Cases in Point: When she started producing, she assumed everyone made their own music, so she spent years perfecting that craft. Also, she didn’t realize many DJs pre-plan their sets, something she would find nerve-wracking – so she developed her own personal approach to playing out, one that generally evolves from gig to gig.

But, the goggles through which Coles views her professional setting have served the 28-year-old London native well, and her hard work, especially in the studio, has paid off enormously.

Her dedication to production landed her two awards: DJ Mag’s 2010 Best of British Breakthrough Producer and 2015’s Best Producer for her Nocturnal Sunshine project. She’s released three full-length albums, one as Nocturnal Sunshine and two others, 2013’s Comfort and this year’s Take Flight, under her own name.

The 24 songs on Take Flight focus on the more personal. With the CD’s Disc One, it offers more home listening, as it were, while Disc Two features more dancefloor-centered material in Coles’ patented and inimitable house/techno style. This output stands alongside her productions for other artists like Little Boots, Chelou and GAPS, in addition to her in-demand remixes for top-level talent, which inevitably break into playlists worldwide. Her original productions have, in turn, been used to create mainstream hits – in particular, Coles’ 2010 track “What They Say” which was sampled for Nicki Minaj’s 2015 radio smash, “Truffle Butter.”

Since 2012’s “Easier to Hide”—the lead-up single to Comfort—all of Coles’ musical output has primarily been released on her own I/AM/ME label (with artwork designed by herself). This is a personal choice, as she has no shortage of offers from major labels to sign her up – not a surprise as her following remains notable, if social media is anything to go by.

Coles’ crowds follow her across the globe from festival stages to underground clubs, and every venue in between, which can be museums, fashion shows, or enormous sports arenas. In fact, this past summer, she opened for Depeche Mode on the Eastern European leg of the legendary band’s “Global Spirit Tour,” hitting mega-venues in Russia, Ukraine, Poland and Romania.

There isn’t a club or a festival with a recognizable name anywhere on the planet that hasn’t had Coles behind its decks. In spinning USBs on a Pioneer DJ CDJ/DJM system, her selections fit the setting, but always have a distinct Maya Jane Coles marks on them, documented by her high-profile compilations DJ Kicks (2012) and Fabric 75 (2015).

A few weeks prior to the release of Take Flight, the generally press-shy (but nonetheless winsome) Coles explained her world the way she sees it.

DJ Times: How was touring with Depeche Mode for you?

Coles: I was never a Depeche Mode fanatic, but I’ve always massively respected them for their attitude toward what they do and the kind of movement they’re involved with. Even though our music is completely different, I think the mentality behind it is pretty similar. Their fanbase spans such a huge, diverse range of people. It’s what I want to reach with my music.
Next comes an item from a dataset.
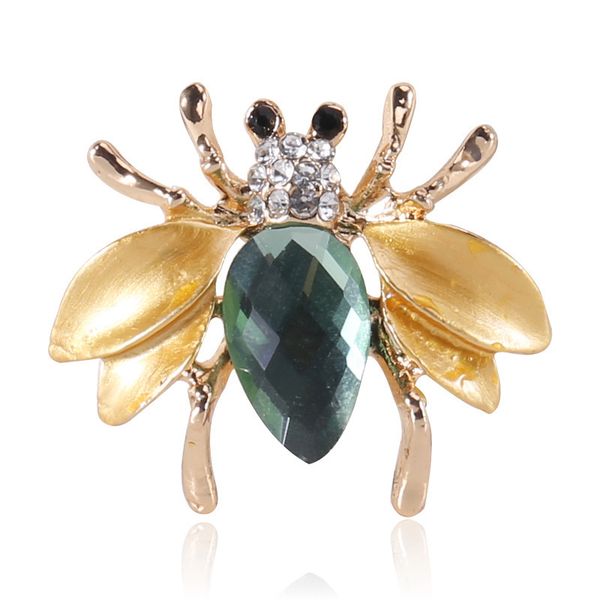 

factory wholesale fashion suit crystal oil dripping bee brooch alloy diamond badge high grade pin accessories christmas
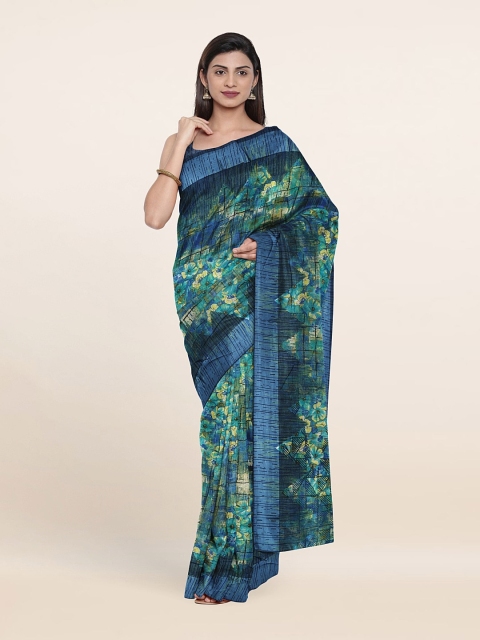 

Pothys Blue & Yellow Floral Cotton Blend Saree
They’re super lovely guys, really friendly, made an effort to talk and hang out and were very sweet to say, “Oh, we’re really big fans of yours and thank you so much for doing this.”

DJ Times: How did you determine what would be appropriate to play? Was there a lot of planning involved?

Coles: Deciding what to play to a stadium of 80,000 people that are waiting to see someone that isn’t you was the most stressful thing ever. I was thinking what can I play that is catering to their audience more? But I didn’t want to compromise anything or change anything. Generally, what I play is quite eclectic, anyway. I tailor my sets depending on if it’s a festival or an intimate 300-capacity club. With this tour, I did pre-plan stuff, which is something I don’t ever do. But then when it actually came to the gigs, I ended up playing different stuff to what I’d planned anyway. It’s difficult playing to that kind of audience because there’s a real detachment from the crowd. Even the people that are in the front row that have moved to the front to see me play, I’m so far away from them. I played what I wanted to play and got a good response so that was pretty amazing. Even got a chant for my name on a couple of the gigs afterwards. In a stadium, that’s pretty insane.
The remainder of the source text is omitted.